Probability estimation and smoothing: What are different methods for estimating probabilities from corpus data, and what are the pros and cons of each, and the characteristic errors? Under what circumstances might you find simpler methods acceptable, or unacceptable? You should be familiar at a high level at least with:
- Maximum Likelihood Estimation
- Add-One / Add-Alpha Smoothing
- Entropy and Cross-Entropy/Perplexity
Except as noted under "Formulas" above, you do not need to memorize the formulas, but should understand the conceptual differences and motivation behind each method, and should be able to use the formulas if they are given to you.
Training, development, and test sets: How are these used and for what reason? Be able to explain their application to particular problems.
Cross-validation
The distinction between parameters and hyperparameters
The distinction between models and algorithms
Linguistic and Representational Concepts
You should be able to explain each of these concepts, give one or two examples where appropriate, and be able to identify examples if given to you. You should be able to say what NLP tasks these are relevant to and why.

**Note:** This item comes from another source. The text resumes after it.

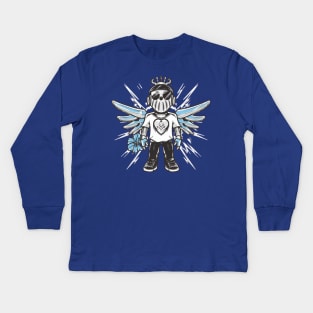 Roblox - Hearts Kids Long Sleeve T-Shirt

- Ambiguity (of many varieties, w.r.t. all tasks we've discussed)
- Part-of-Speech
- especially, the terms: common noun, proper noun, pronoun, adjective, adverb, auxiliary, main verb, copula, preposition, conjunction, punctuation
- open-class vs. closed-class
- Word Senses and relations between them (synonym, antonym, hypernym, hyponym, similarity; homonymy vs. polysemy)
- Word order typology: SVO, VSO, etc.
- Dialect vs. language
- Phonetics, phonology, lexicon, morphology, syntax, semantics, pragmatics, orthography
- Synthetic vs. analytic language
- Inflectional vs. derivational morphology
- consonant, vowel, tone, syllable, prosody, stress
- morpheme, affix, prefix, suffix, compound
- International Phonetic Alphabet (what it is—not how to use it), Unicode
- Language families, e.g. Indo-European, Romance, Germanic, Slavic, Sino-Tibetan, Semitic
- Salient aspects of languages presented thus far (questions will be about groups of languages, so if you missed one or two presentations that shouldn’t put you at a disadvantage)
Also, you should be able to give an analysis of a phrase or sentence using the following formalisms. Assume that either the example will be very simple and/or some set of labels is provided for you to use. (i.e. you should know some standard categories for English but you don't need to memorize details of specific tagsets etc.)
- label parts of speech
- label word senses given dictionary definitions
- label named entities given a list of classes
- label the sentiment of a document as well as some positive and negative cue words
Tasks
You should be able to explain each of these tasks, give one or two examples where appropriate, and discuss cases of ambiguity or what makes the task difficult. In most cases you should be able to say what algorithm(s) or general method(s) can be used to solve the task, and what evaluation method(s) are typically used.
- Tokenization
- Spelling correction
- Language modeling
- Text categorization
- Word sense disambiguation
- Named entity recognition
- Sentiment analysis
Corpora, Resources, and Evaluation
You should be able to describe what linguistic information is captured in each of the following resources, and how it might be used in an NLP system.
- Penn Treebank
- WordNet, synset
- SemCor
For each of the following evaluation measures, you should be able to explain what it measures, what tasks it would be appropriate for, and why.
- Cross-entropy/Perplexity
- Accuracy
- Precision, recall, and F1-score
In addition:
- Intrinsic vs. extrinsic evaluation: be able to explain the difference and give examples of each for particular tasks.
- Gold standard: what is it and what is it used for?
- Confusion matrix: what is it and what is it used for?